= James Bailey (classical scholar) =

English classical scholar and schoolmaster

James Bailey (died 1864) was an English classical scholar and schoolmaster.

==Life==
He was educated at Trinity College, Cambridge. He graduated B.A. 1814, M.A. 1823, and obtained the Browne medals for Greek ode and epigrams, and the members' prizes in 1815 and 1816. He was for many years master of the Perse Grammar School, Cambridge, from which he retired on a pension.

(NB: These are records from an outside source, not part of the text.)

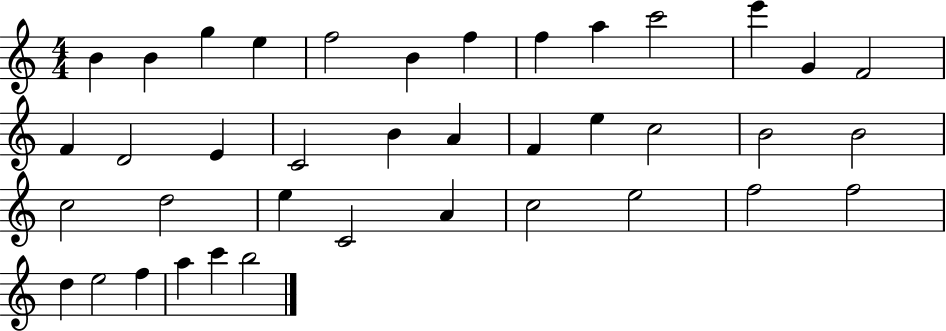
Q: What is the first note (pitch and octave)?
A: B4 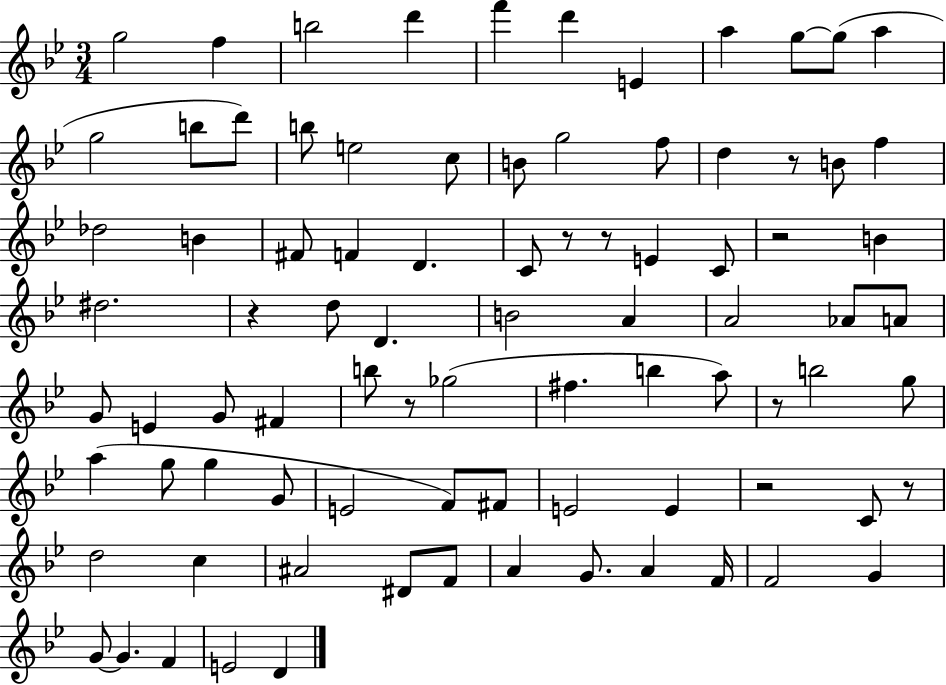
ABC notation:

X:1
T:Untitled
M:3/4
L:1/4
K:Bb
g2 f b2 d' f' d' E a g/2 g/2 a g2 b/2 d'/2 b/2 e2 c/2 B/2 g2 f/2 d z/2 B/2 f _d2 B ^F/2 F D C/2 z/2 z/2 E C/2 z2 B ^d2 z d/2 D B2 A A2 _A/2 A/2 G/2 E G/2 ^F b/2 z/2 _g2 ^f b a/2 z/2 b2 g/2 a g/2 g G/2 E2 F/2 ^F/2 E2 E z2 C/2 z/2 d2 c ^A2 ^D/2 F/2 A G/2 A F/4 F2 G G/2 G F E2 D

In 1850 he received a further pension of £100 per annum from the queen, on the recommendation of Bishops Edward Maltby and John Kaye. Bailey died in London, 13 February 1864.

==Works==
Besides contributions to the Classical Journal, Bailey published:

- 'An Annotated Edition of Dalzel's Analecta Græca Minora (1835) (edition of work by Andrew Dalzell).
- 'Passages from the Greek Comic Poets,' which had been translated into English by Richard Cumberland, Francis Fawkes, and Francis Wrangham, with notes (1840);
- a work on the 'Origin and Nature of Hieroglyphics and the Greek inscription on the Rosetta Stone' (1816).

He is best known for his edition of 'Forcellini's Latin Dictionary,' 2 vols. (1826), in which he translated the Italian explanations into English, incorporated the appendices of Egidio Forcellini with the main work, and added an Auctarium of his own.